___ ENTRIES PROVIDED
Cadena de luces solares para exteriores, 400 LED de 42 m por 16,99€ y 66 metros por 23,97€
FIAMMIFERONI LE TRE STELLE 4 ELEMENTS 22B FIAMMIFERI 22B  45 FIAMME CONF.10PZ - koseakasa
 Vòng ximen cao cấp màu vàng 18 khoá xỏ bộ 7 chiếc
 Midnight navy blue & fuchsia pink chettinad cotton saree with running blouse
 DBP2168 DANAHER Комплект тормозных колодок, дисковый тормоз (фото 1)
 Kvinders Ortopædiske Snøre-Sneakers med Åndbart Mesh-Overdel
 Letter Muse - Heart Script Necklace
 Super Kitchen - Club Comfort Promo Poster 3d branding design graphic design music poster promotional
______
### GOAL OF THE EXERCISE
Print, exactly as written, the first line of the records above and each line after it until the line with "Kvinders Ortopædiske Snøre-Sneakers", which is printed too.

### SOLUTION FOR THIS TASK
Cadena de luces solares para exteriores, 400 LED de 42 m por 16,99€ y 66 metros por 23,97€
FIAMMIFERONI LE TRE STELLE 4 ELEMENTS 22B FIAMMIFERI 22B  45 FIAMME CONF.10PZ - koseakasa
 Vòng ximen cao cấp màu vàng 18 khoá xỏ bộ 7 chiếc
 Midnight navy blue & fuchsia pink chettinad cotton saree with running blouse
 DBP2168 DANAHER Комплект тормозных колодок, дисковый тормоз (фото 1)
 Kvinders Ortopædiske Snøre-Sneakers med Åndbart Mesh-Overdel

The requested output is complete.